The other parents of the students that would have been in her class refused to let their kids come to school and be educated with a negro. So, she spent much of that first year by herself. And I could relate, because almost two decades later, I was the only black kid in my academically accelerated class. And like Ruby learned, I learned. I loved to learn and I thirsted to learn more. So, it's no big surprise that I became a teacher, thank you, teaching young black and brown minds in Brooklyn. And even then, Ruby was with me, because every year in my classroom hung a poster of the portrait that was painted of her by Norman Rockwell called The Problem We All Live With. It depicted Ruby on that fateful first day, so small amongst the long legs of the marshals. I used it to springboard a discussion with my students about the difference between the spirit of the law and the letter of the law.
Fast forward to June 2019, I have moved toward social justice and now work with youth in detention, think jail for adolescents, the hardest to reach of the hardest to reach. I get it, because it's hard to have hope behind bars. I had attended a week-long training in a literacy program that was funded or its foundation was in the freedom school movement. It was a long week, intense and vibrant, I could see how the training would help my kids, but it was 12-hour days with more homework added in. I had very little sleep, so I was feeling overwhelmed and hopeless.

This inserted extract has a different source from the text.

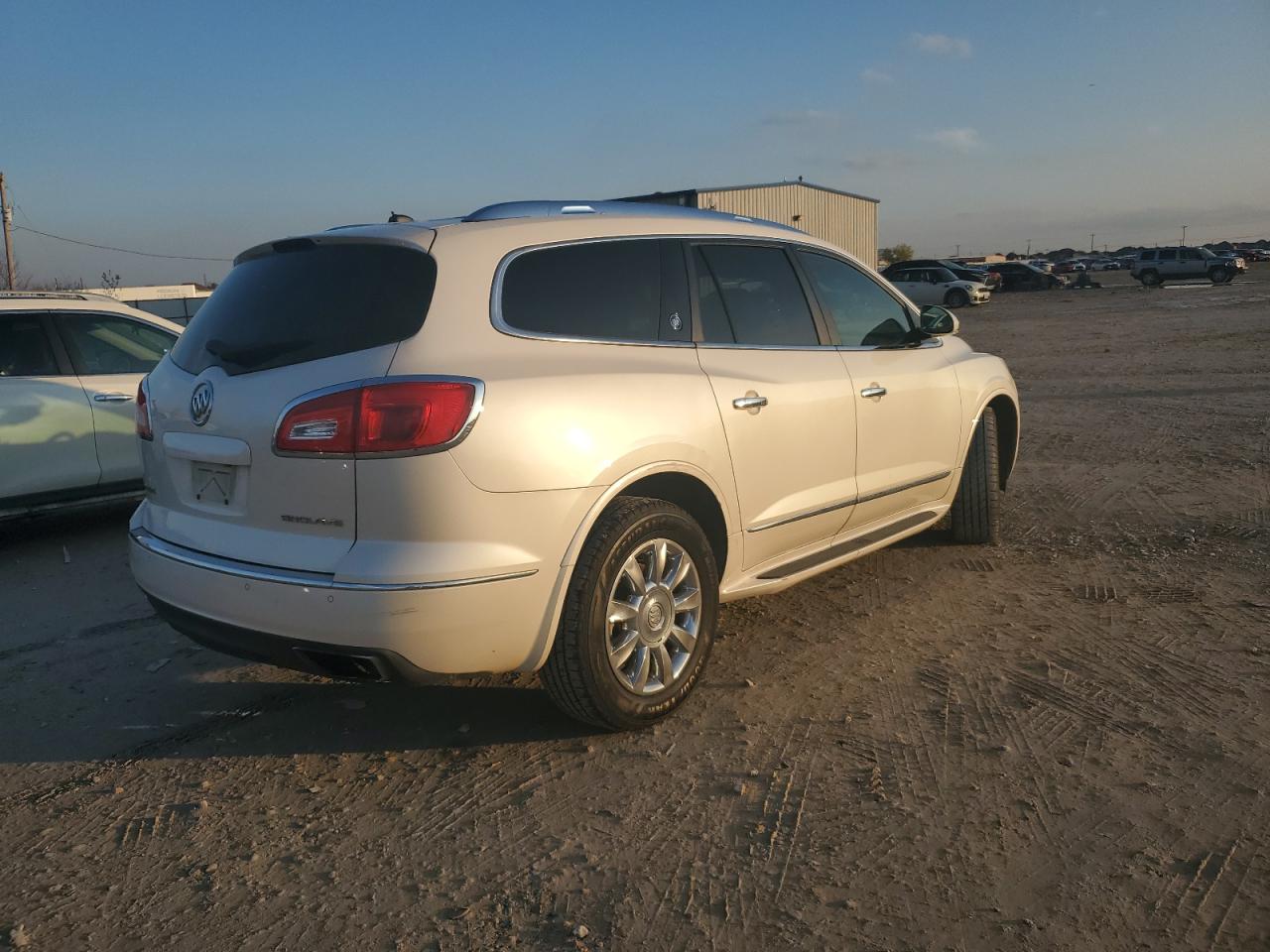 Photo 2 VIN: 5GAKRBKD9EJ112101 - BUICK ENCLAVE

It was the last day of the program and they had a closing ceremony, and I was hangry and tired and just wanted to go home. I sat slumped in my chair with about 3,000 other people in much the same condition. Suddenly, I thought I heard the moderator say “Ruby Bridges.” And it hit me like a jolt. I sat up in my seat, “Ruby Bridges? Excuse me, did they just say Ruby?” [audience laughter] And so, I reached down and grabbed a discarded program from the floor and I looked and I found that, “Oh my God, it was my Ruby Bridges.” And immediately, my eyes welled up with tears and they began to fall. She came out onto the stage and she looked so young that my first thought really was, “Damn, Black really don't crack.” [audience laughter]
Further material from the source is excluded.